City A.M. understands that several anxious lenders sought informal clarification from Vickers’ Independent Commission on Banking (ICB) recently and were told definitively that they will not have to invent and sell new “bail-in bonds”, as parts of the ICB report had appeared to suggest.
Instead, a technical change in the law, which would force existing bondholders to be “bailed in” should the bank fail, suffices to fulfil Vickers’ new capital requirements.
Debt costs for banks spiked following the publication of the ICB’s final report, which recommended that major UK banks should have to issue bail-in bonds equal in value to 7-10 per cent of their risk-weighted assets.
Bail-in bonds are an untested asset class, whose cost analysts have been trying to calculate. UBS’s John-Paul Crutchley suggested that the recommendation would cause banks to “shrink or relocate”.
And yesterday, ICB critic and former City minister Lord Paul Myners told an audience hosted by the Association of Corporate Treasurers: “The bail-in debt market is almost non-existent and yet Vickers is assuming that very substantial amounts can be raised.”
Having obtained clarification from Vickers, banks are now in discussions with the UK Treasury over the details.
Despite the reassurance on bail-in bonds, however, some lenders with low asset-to-deposit ratios are worried that Vickers’ capital rules could inadvertently force them to increase their reliance on wholesale funding.

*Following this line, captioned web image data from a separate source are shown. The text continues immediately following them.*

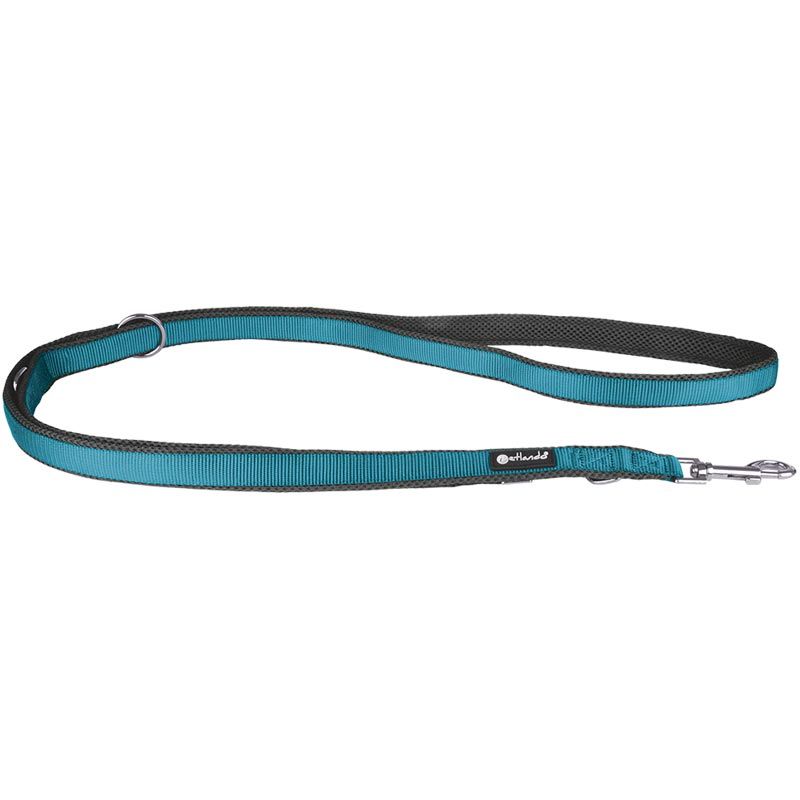 Petlando Magnetech 3 M Führleine,S: 15mm/3m,anthrazit/petrol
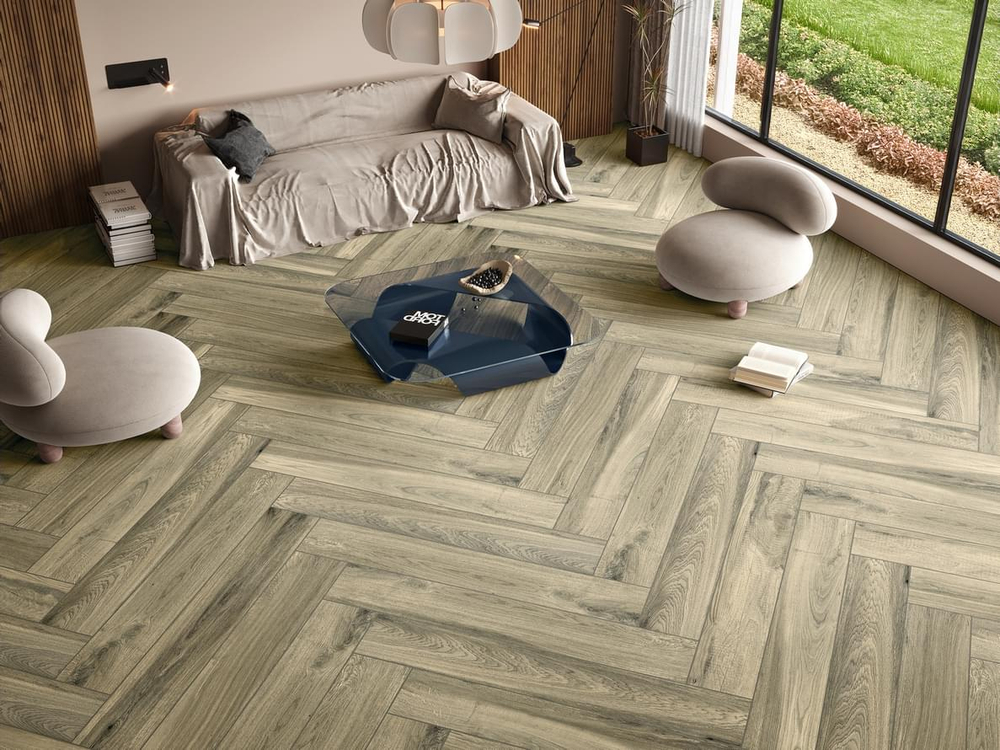 Neodom Wood Collection Taiga Haya Matt Shape 20x120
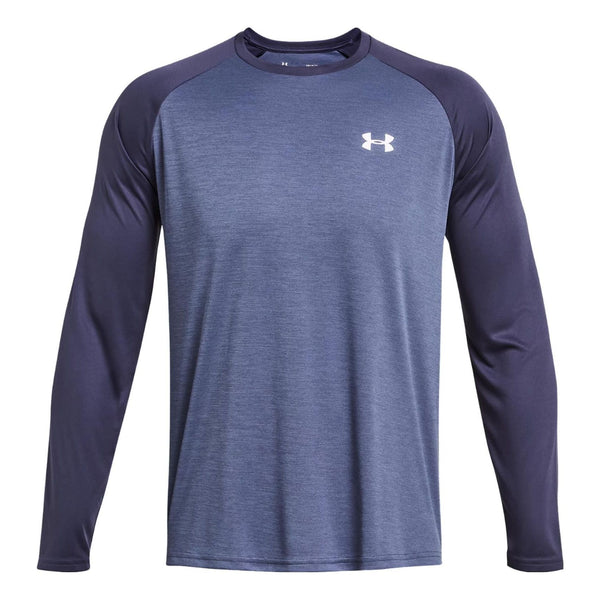 

Футболка velocity long sleeve t-shirt 'tempered steel' Under Armour, мультиколор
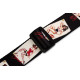 LEVY'S MPS2-072 PRINT SERIES GUITAR STRAP (GIRLS) Ремінь для гітари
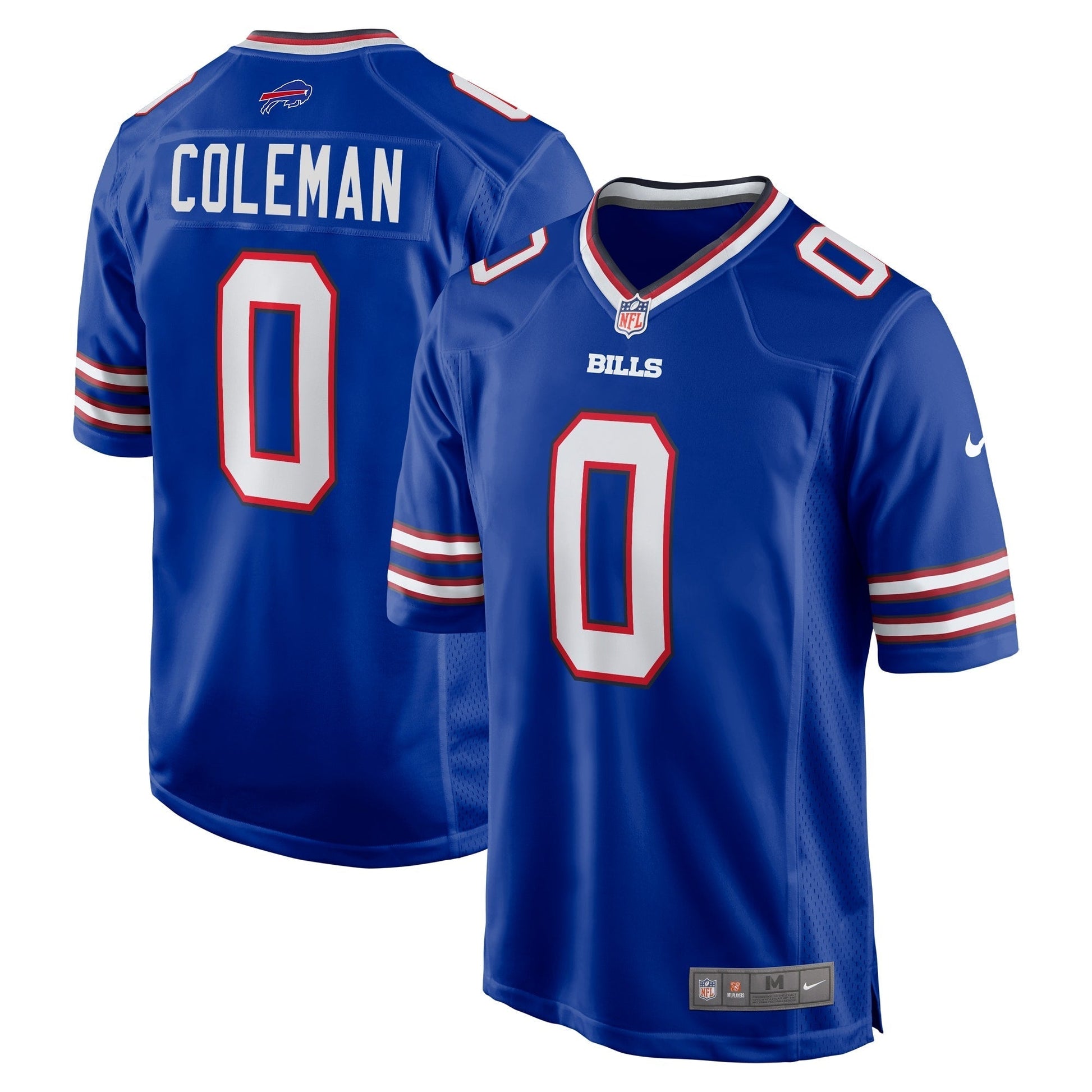 Buffalo Bills Keon Coleman Royal Player Game Jersey football jersey product view 1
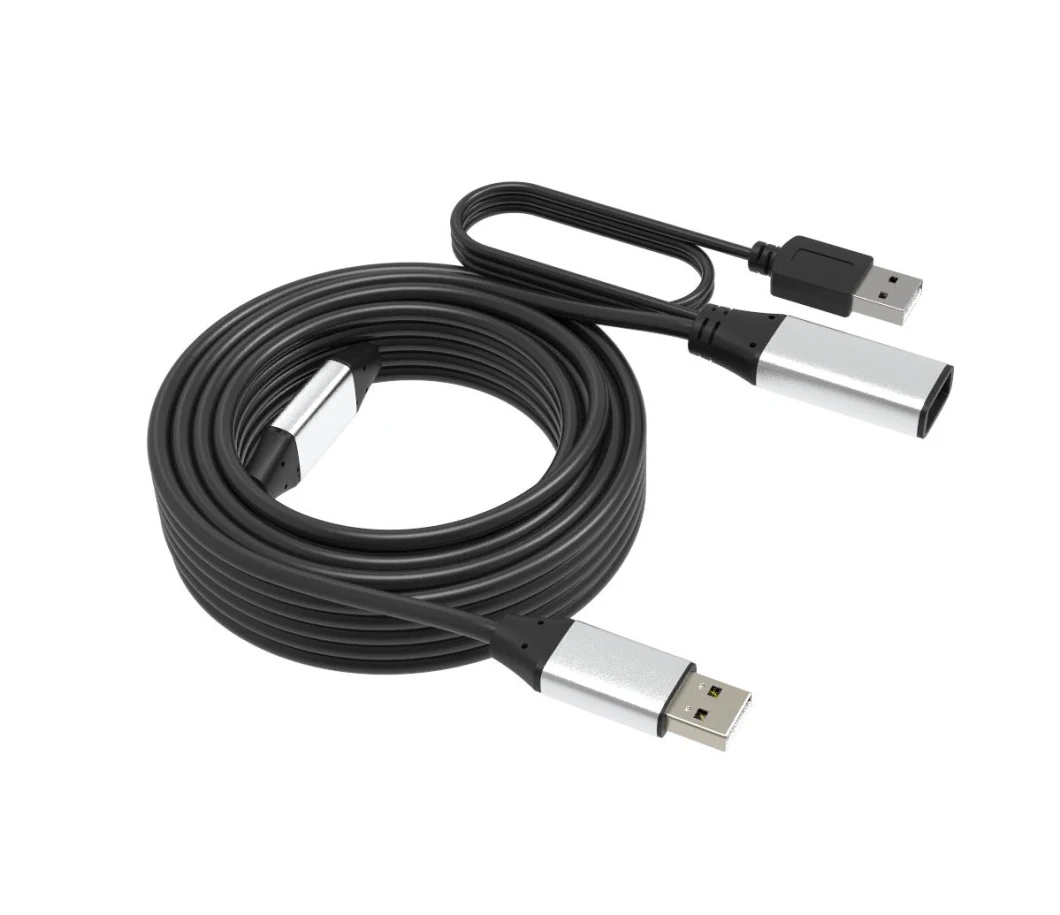 Male-Female 40m 500 Mbps Long USB 2.0 Extension Cable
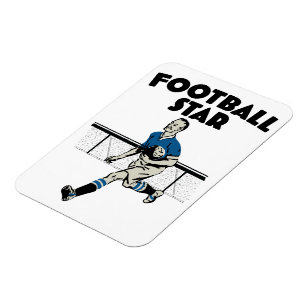 Voetbal Ster Magneet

HSBC and Standard Chartered are less reliant on wholesale cash than rivals and instead meet the vast majority of their funding needs out of customer deposits, which are viewed by regulators as a safer source of liquidity.
Yet under Vickers’ proposals, they could potentially be forced to issue more expensive debt to meet his loss-absorbing requirements. Because the debt would be calculated as a proportion of their huge global balance sheets, it could prove extremely costly.
It is understood that discussions are now underway between the Treasury and banks to remove the perverse incentive in the proposals.